From a design perspective, the variable roughness of A-Jacks presents unique challenges and opportunities. Manning’s n values derived from extensive flume testing cover a range of conditions, including clear water, sediment-laden flows, shallow flows and deeper depths. Engineers are encouraged to apply these values thoughtfully, bracketing them to reflect the natural variability of river systems.

Flume testing also has provided insight into the hydraulic thresholds of A-Jack units. Velocity, being one of the most critical parameters in unit sizing, plays a central role in determining stability under flow. Experiments identified a critical velocity based on varying bed slopes at which the units may begin to mobilize. The data from these experiments have been used to create a simple design chart (see Figure 5), which outlines critical velocities for various size units. This provides a practical starting point to select the right unit size for specific site conditions.

Design Considerations

For A-Jacks to perform their protective role effectively, engineers must carefully balance size, placement and site conditions. The cornerstone of design begins with determining the appropriate design flow velocity. Faster currents exert stronger forces, demanding larger and more-resilient protection to resist drag and uplift without shifting.

Velocity governs the magnitude of hydraulic loading, but the surrounding terrain shapes how that energy interacts with the system and, in turn, influences unit sizing. Factors such as channel slope, side slopes and local topography determine not only how flow concentrates or disperses but also how stable the placed units will be under those forces.
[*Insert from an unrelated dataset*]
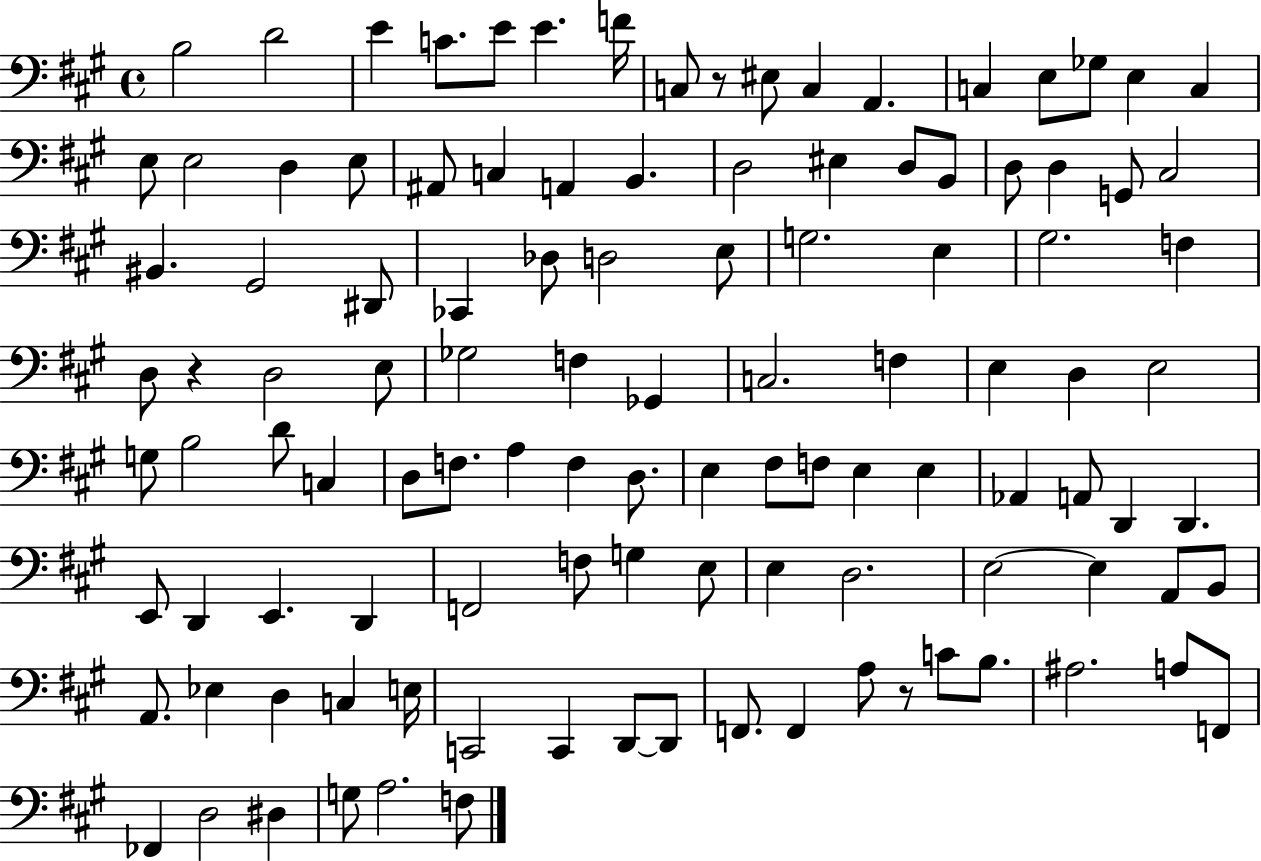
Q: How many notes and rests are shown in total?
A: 112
On steeper gradients or embankments, maintaining interlock and resisting downslope movement may require tiered placements to preserve structural cohesion. By accounting for these geometric complexities, designers can better match unit size and configuration to site-specific demands.

Selecting the right size and understanding the site conditions are essential first steps in the design process. Equally important is how the units are arranged across the riverbed to counteract the ongoing forces of erosion. To provide effective protection for bridge piers and abutments, A-Jacks must extend beyond the anticipated scour limits. Guidance from engineering standards such as HEC-23 for bridge piers and the National Cooperative Highway Research Program Report 587 (NCHRP-587)3 for bridge abutments help establish the necessary coverage area. Additionally, vertical embedment of the units is critical, particularly along the edges of the protected limits, where sediment may be most vulnerable to erosion. This embedment acts as a safeguard against undermining by anchoring the system in place, even if surrounding soils are washed away during high-flow events.

Bridge Protection

Two key documents stand out to design effective scour countermeasures: HEC-23 and NCHRP-587. The design methodology outlined in HEC-23 approaches the A-Jacks systems as a collection of modular units, often referred to as modules or bundles, to protect bridge piers. These modules are formed by banding together individual A-Jack units into a tightly interlocked matrix, creating a larger structural element that behaves as a unified system (see Figure 6). By adjusting the number of units within a module, engineers can customize both the length (L) and width (B) of the module to accommodate specific hydraulic and geometric conditions.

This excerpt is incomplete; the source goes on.